What do these signal gaps mean? The signal in phase contrast MRV mainly comes from the bulk movement of protons (in blood) within a range of velocities chosen by the operator.24 As such, it is more a demonstration of flow than of anatomy, although some anatomical information is inevitably present in any study. A segment of signal void in a sinus implies that flow velocities over that segment are outside the range prescribed in the study. This does not necessarily mean thrombosis, and it may not necessarily be abnormal—arachnoid granulations might cause a local alteration of blood flow around them, for example. However, it does raise the possibility of stenosis or occlusion.

In this context King et al and Karahalios et al, using more invasive techniques,8,9 have investigated the possibility that unrecognised venous sinus disease may be a frequent cause of idiopathic intracranial hypertension. With angiographic catheters passed into the intracranial venous sinuses through the jugular veins these workers found raised intrasinus pressures in many patients with idiopathic intracranial hypertension. Sometimes these high pressures appeared to be secondary to central venous hypertension but more often they seemed to be the result of stenotic lesions in the lateral sinuses obstructing cerebral venous outflow. This has led one group to propose intracranial venous hypertension as the final common pathway in the aetiology of idiopathic intracranial hypertension.9 Others, however, have since suggested that the sinus abnormalities observed in these cases are not the cause but the results of raised intracranial pressure (of unknown aetiology) inducing secondary sinus collapse.10

Clearly, this latter issue is fundamental to questions regarding the aetiology of idiopathic intracranial hypertension and is not resolved by the current study.

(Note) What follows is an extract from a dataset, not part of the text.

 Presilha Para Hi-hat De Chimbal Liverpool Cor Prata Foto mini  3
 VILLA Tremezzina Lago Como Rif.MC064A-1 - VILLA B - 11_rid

However, at least it is now possible to reconcile the non-invasive imaging with catheter venography and manometry. This means that, regardless of cause or effect, patients with idiopathic intracranial hypertension who have bilateral lateral sinus defects on MRV are likely to have raised venous pressures and stenotic lesions in their lateral sinuses. It means that, even in patients in whom frank venous sinus thrombosis has been excluded, MRV may still present an appearance that equates with raised intracranial pressure (an idea already explored by Quattrone et al with respect to chronic daily headache25). The possibility that this appearance may sometimes be indicating the cause of raised intracranial pressure is suggested by recent work documenting clinical improvement in cases of idiopathic intracranial hypertension following dilatation and stenting of the lateral sinuses.13–16 This pattern on MRV may thus in the future direct further investigation of these patients, and this concept should encourage a refinement of imaging techniques.26

Our patients were identified blind to a review of their MRI and MRV (although in the knowledge that they must have been reported as showing no evidence of sinus thrombosis). True normal controls were identified by interview before they were scanned. Otherwise this study was unblinded. Patients had had a variety of non-standardised MRI and MRV examinations. Controls were scanned according to a defined protocol. It would have been impossible to blind the observers to the imaging of patients versus controls. Inevitably, therefore, there will have been some bias in the reporting of the two groups, but the differences between them are so striking that this is unlikely to have influenced the results significantly.


MRV in patients with idiopathic intracranial hypertension commonly presents a pattern of bilateral lateral sinus defects rarely seen in asymptomatic controls. This result, at variance with published reports, implies a historical failure to separate patients with unrecognised venous sinus disease from healthy subjects in control populations, and implies a widespread failure to differentiate between normal variant and disease on MRV in clinical practice. This is highly relevant in the light of recent proposals regarding the aetiology and management of this condition.